Example table with records would be:
childId | parentId | col1 |
---|---|---|
1 | 3 | 1 |
1 | 4 | 1 |
3 | 5 | 1 |
5 | 1 | 1 -- circular case |
6 | 2 | 1 |
5 | 7 | 1 |
If I ask for hierarchy related to 1, I should get
childId | parentId | col1 |
---|---|---|
1 | 3 | 1 |
1 | 4 | 1 |
3 | 5 | 1 |
5 | 1 | 1 -- circular case |
5 | 7 | 1 |
- 1 has two parents: 3 and 4.
- 3 has 1 parent: 5
- 5 has 2 parents: 1 and 7. But 1 brings the infinite loop, so the query should ignore this. And continue to the next row.
Post
Estela's answer provides great insight about how to do it also in SQL Server. Unfortunately, there does not seem to be a build-in array functionality, so one way is to rely on strings as shown here.
Basically, instead of accumulating values in an array, a string does this (way less efficiently for many records, I would say).

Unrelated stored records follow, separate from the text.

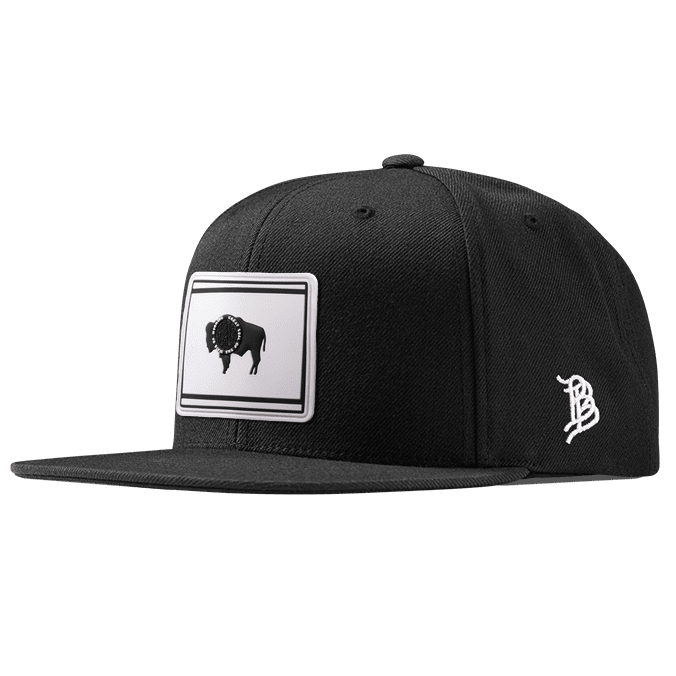 Wyoming Moonlight PVC Classic Snapback Black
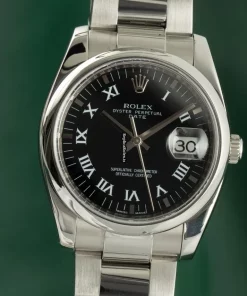 Epic Fakes Rolex Oyster Perpetual Date 115200 Caliber 3135 Automatic Movement 34mm Steel Case Mens/unisex Watch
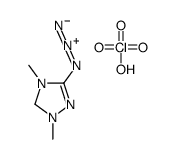 3-azido-1,4-dimethyl-1,5-dihydro-1,2,4-triazol-1-ium,perchlorate结构式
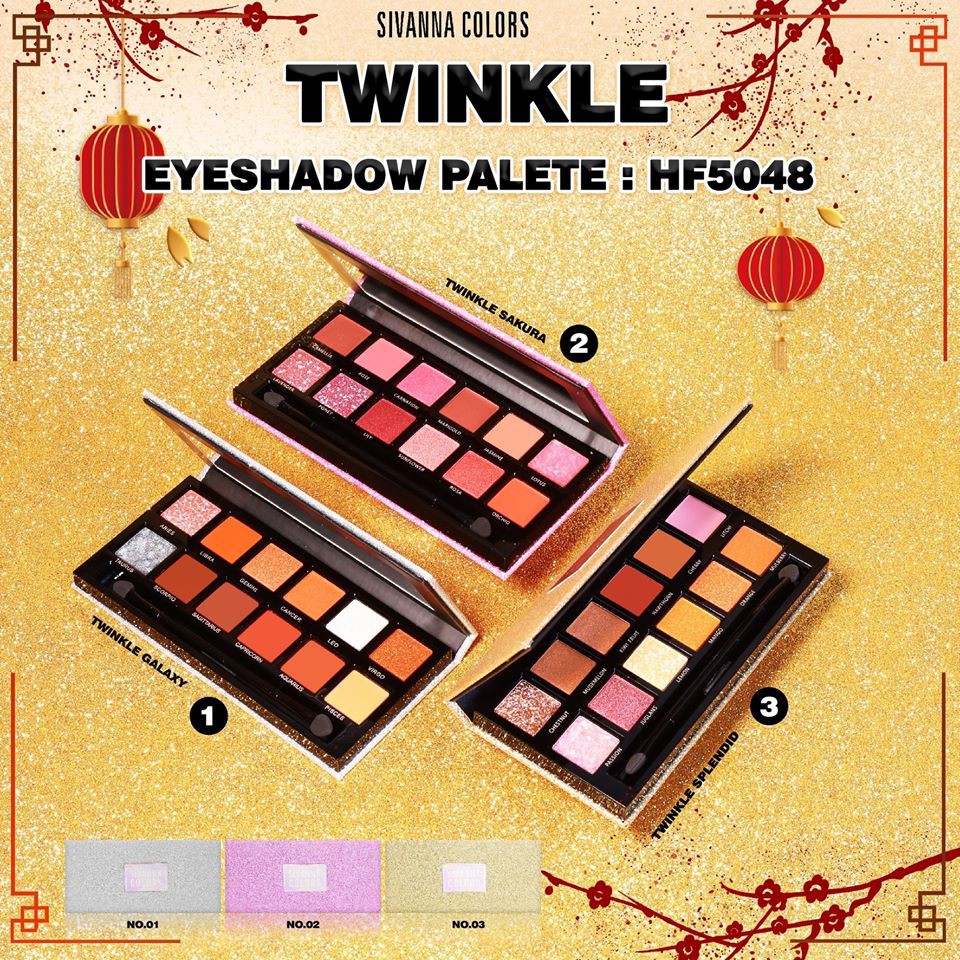 Sivanna Colors Twinkle Galaxy Eyeshadow Palette HF5048 ซีเวียน่า อายแชโดว์ พาเลท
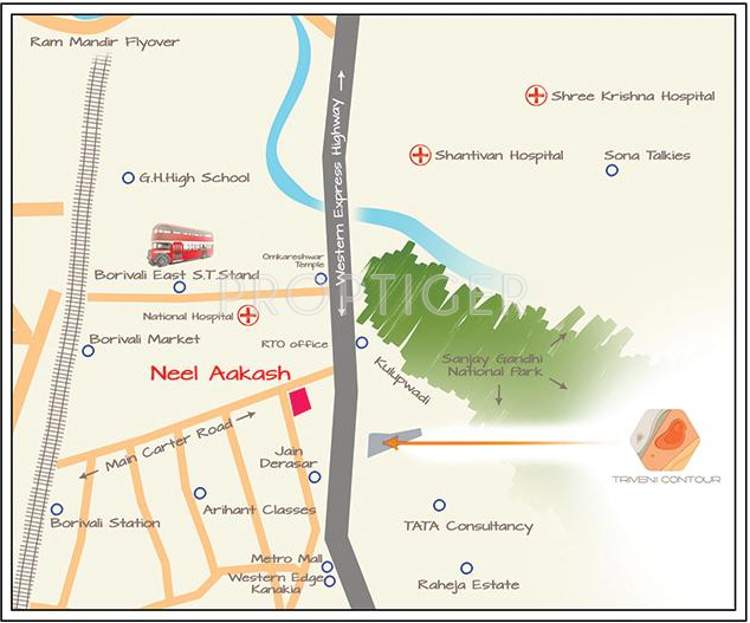 the borivali neel akash chsl Images for Location Plan of Triveni The Borivali Neel Akash Chsl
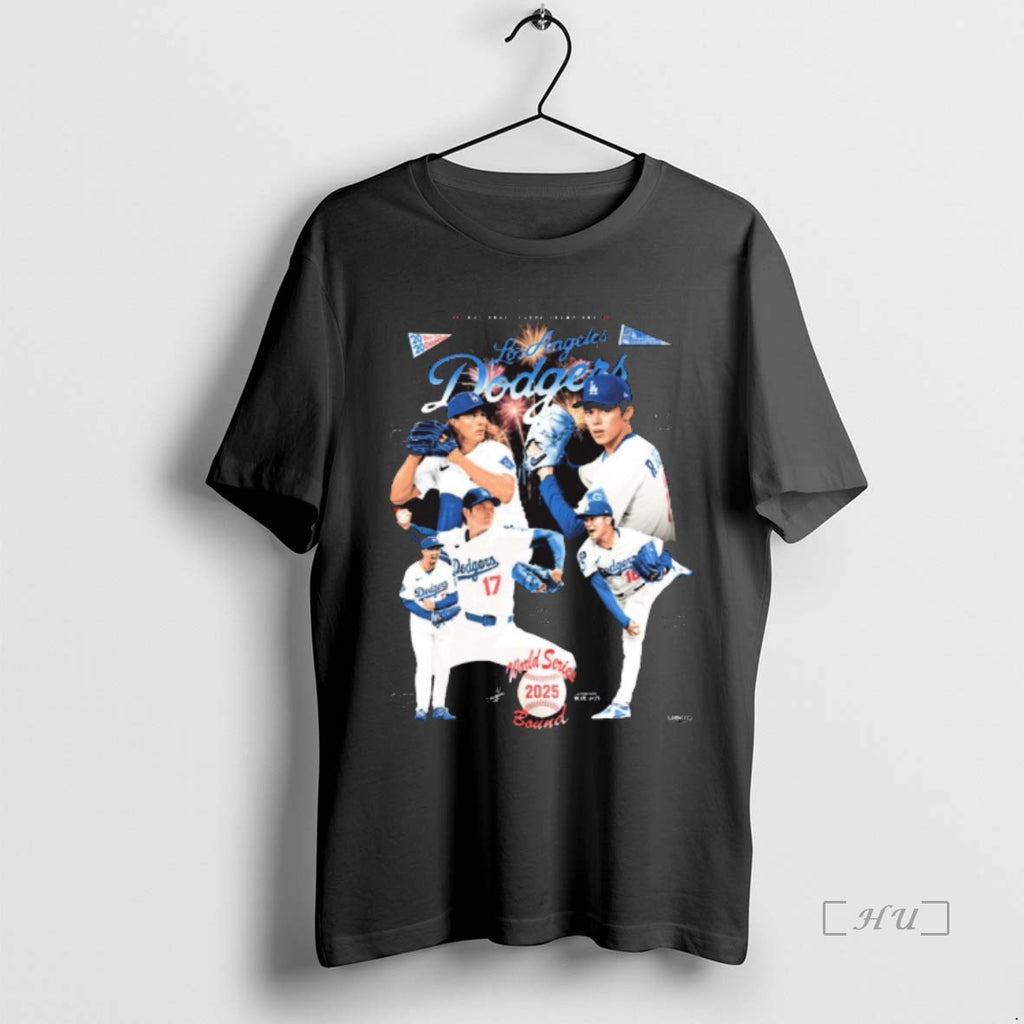 Officials Los Angeles Dodgers Mlb National Champions World Series Bound Signatures 2025 T Shirt Sweater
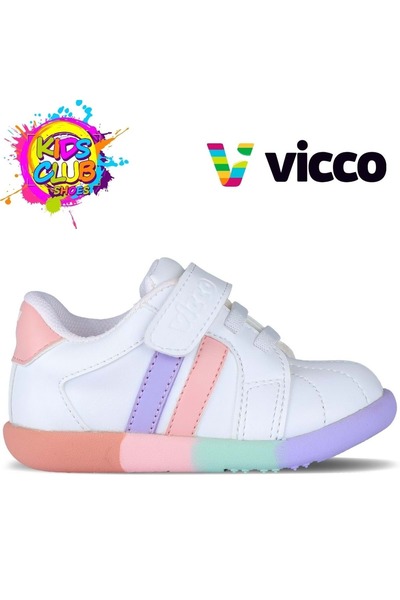 Vicco Heika 950.b24k.453 حذاء رياضي مريح للأطفال باللون الأبيض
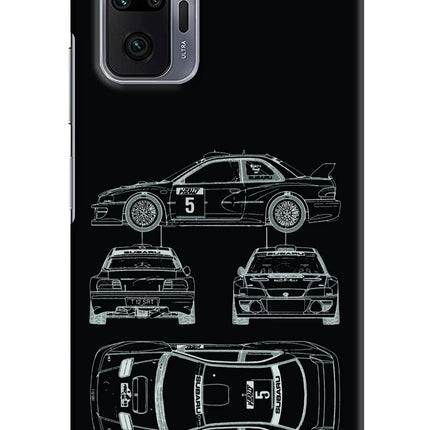 WRC'99 Redmi Note 10 Pro Max Hard Case Back Cover by Casekaro
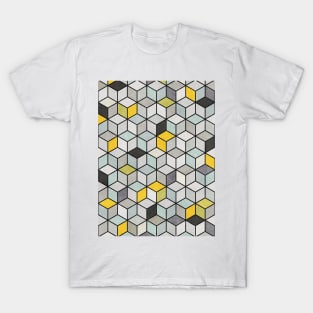 Colorful Concrete Cubes - Yellow, Blue, Grey T-Shirt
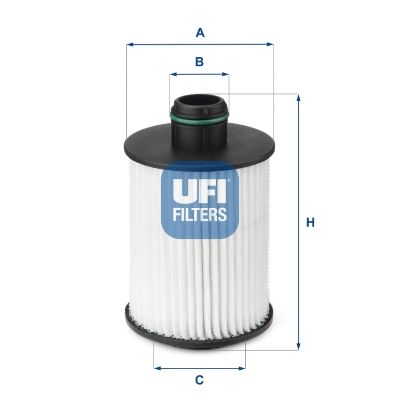 Оливний фільтр UFI 2509300 - zapix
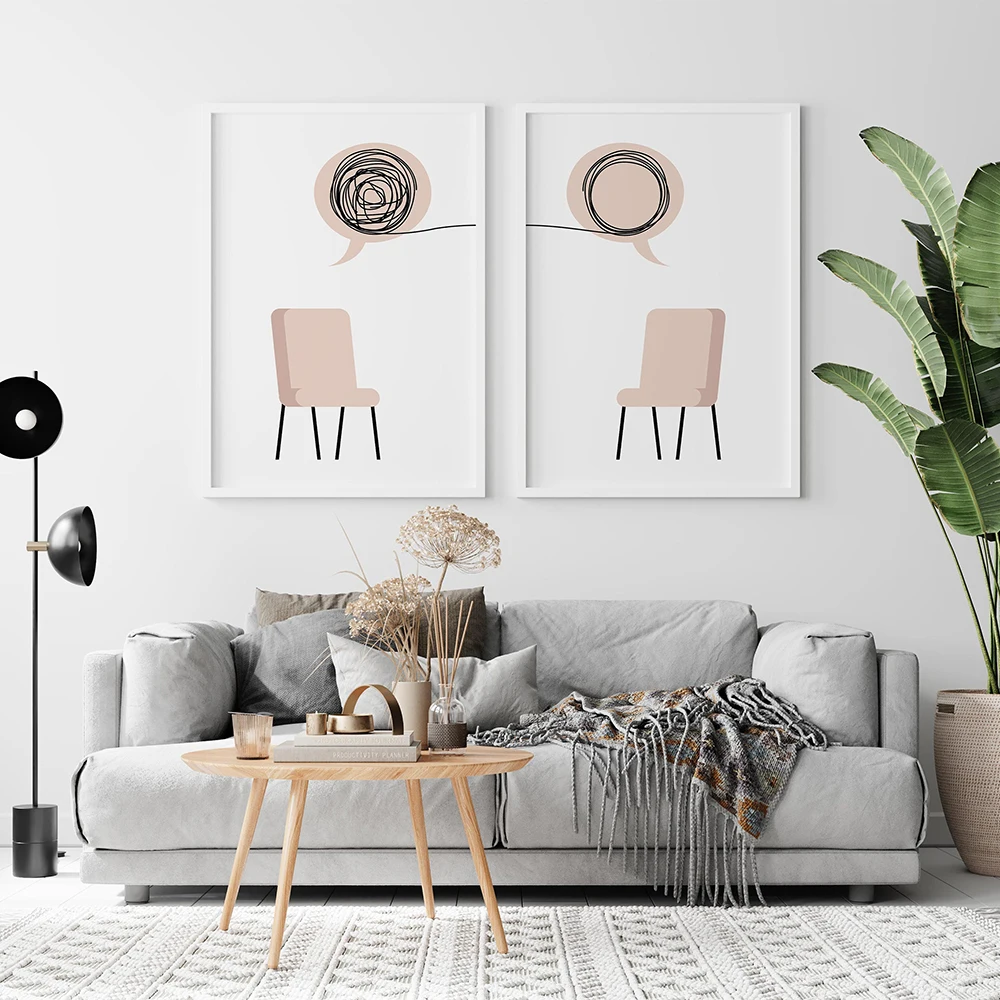 Therapy School Counselor Office Wall Art Posters and Prints Canvas Painting Nordic Wall Pictures For Psychologist Home Decor
Therapy School Counselor Office Wall Art Posters and Prints Canvas Painting Nordic Wall Pictures For Psychologist Home Decor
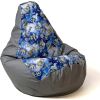 Go Gift Sako sack pouffe pear print grey spaceships L 105 x 80 cm Мешки и пуфы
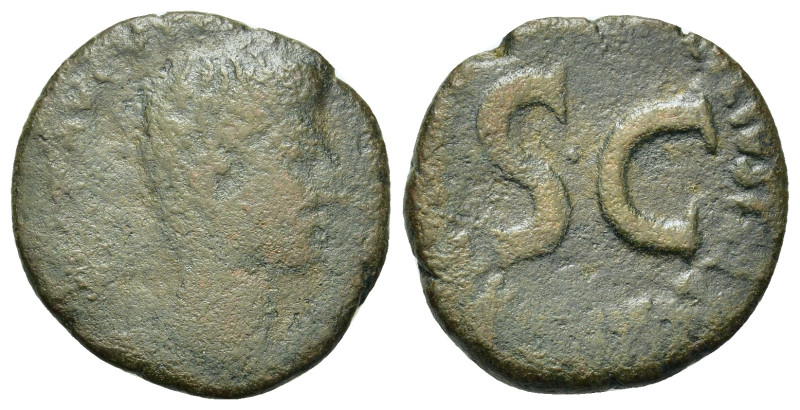 Augustus (27 BC-AD 14). Æ As (28mm, 10.56g, 11h). Rome, P. Lurius Agrippa, money...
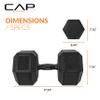 CAP Barbell 105 LB Coated Hex Dumbbell Weight with Black Handle view 4
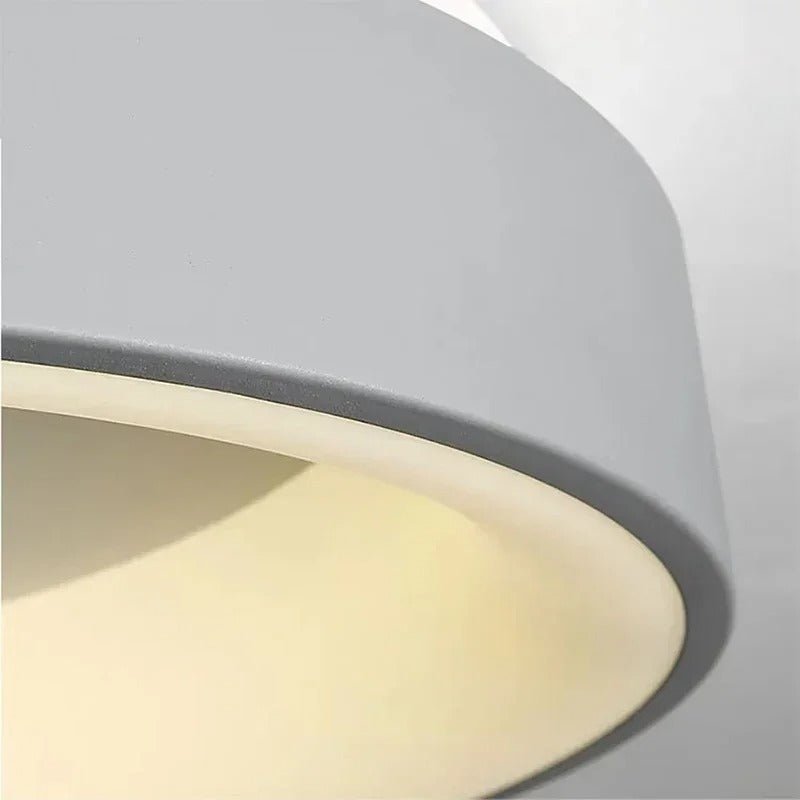 Contemporary Circular Metal LED Ceiling Light - Lexians
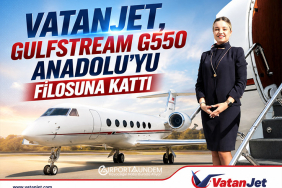 VatanJet filosuna katılan TC-VTJ tescilli Gulfstream G550 ANADOLU iş jeti
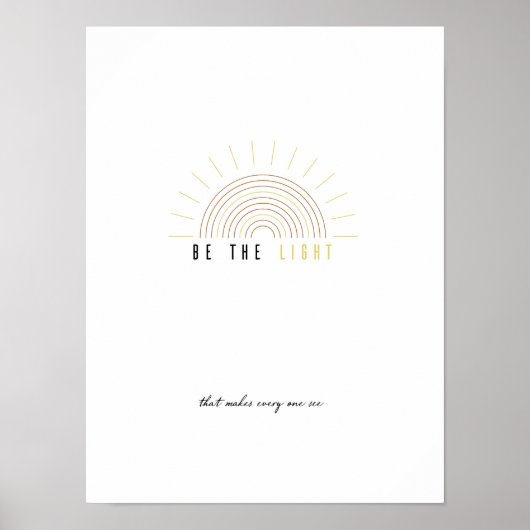 Licht Poster (Vorne)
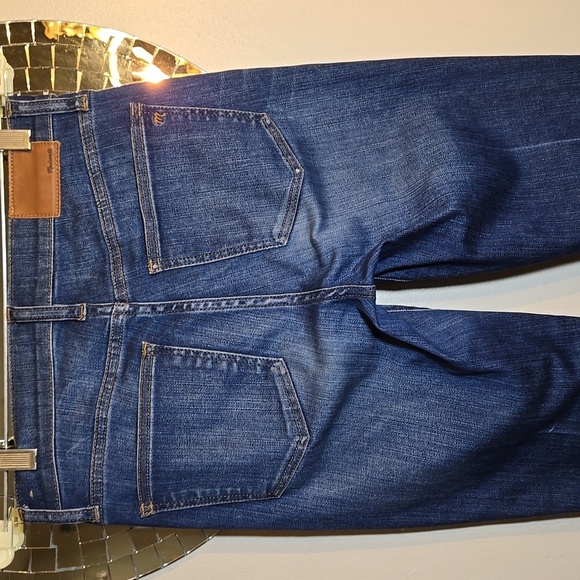 Madewell Cali Demi-Boot Jeans in Preston Wash: Raw-Hem Edition NWOT - Picture 7 of 14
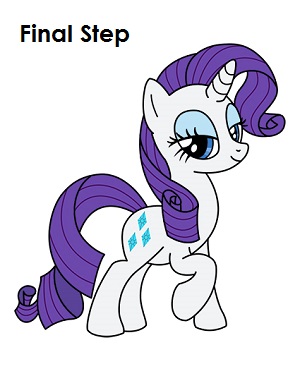 Draw Rarity Pony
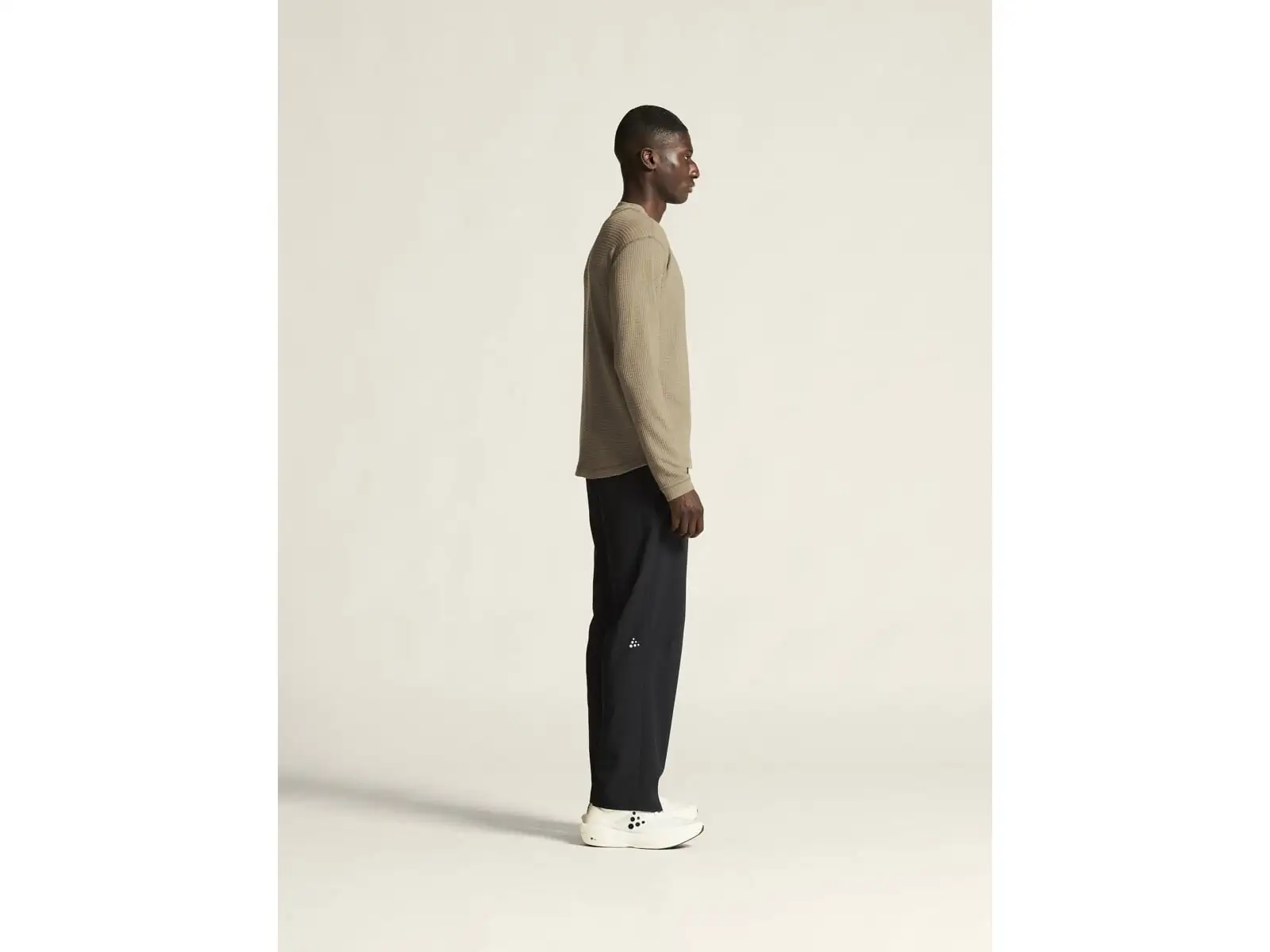 Craft Wool Waffle men's shirt long sleeve beige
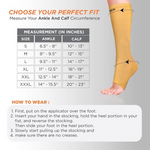 Thumbnail for Vissco Medical Compression Stockings (Below Knee) - Beige - 1 Pair - Distacart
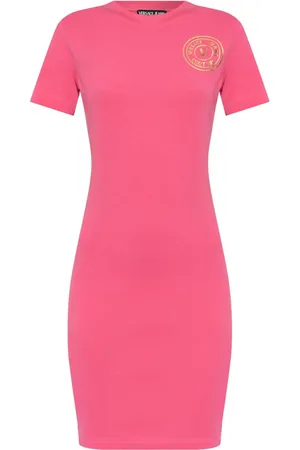 VERSACE Logo-print dress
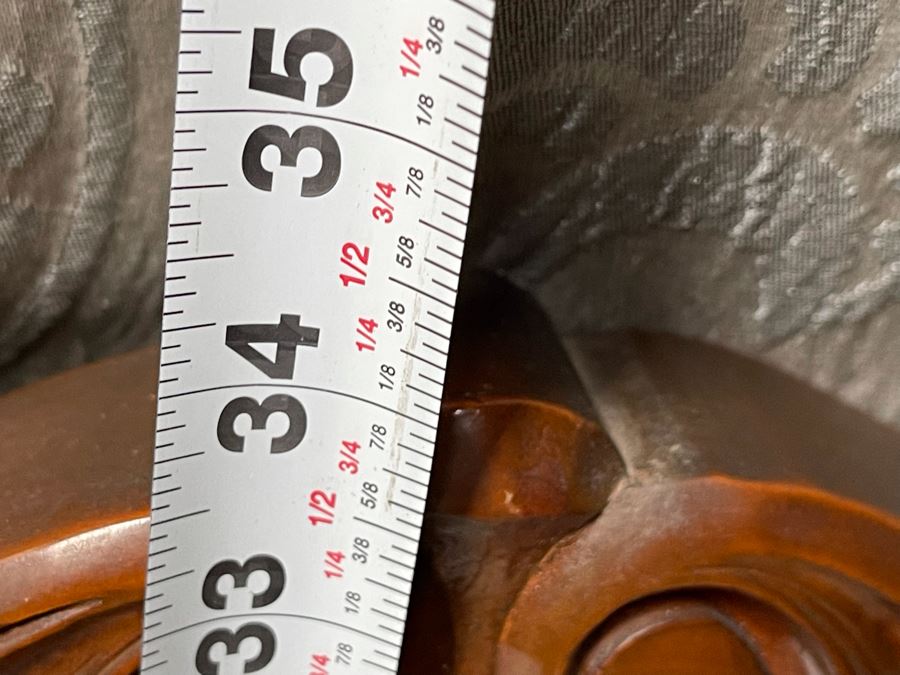 Vintage Chest Of Drawers Dresser With Adjustable Mirror 43W X 22D X 35.5H Mirror Is 34H [Photo 8]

In this case, a query that seems to provide the results you are looking for is the following (some security check does not allow to post the query, so I am using SQL fiddle for sharing it):
http://sqlfiddle.com/#!18/a50101/1
Note: considering how complex things might get (edge cases might add up to the logic), this type of query might be better be done in a language/framework like C++, Java or .NET, unless there is a very strong reason to remain in SQL. These allow for much more flexibility, considering the iterative nature of the algorithm (not so suitable for set based operations) and also provide way better-debugging capabilities.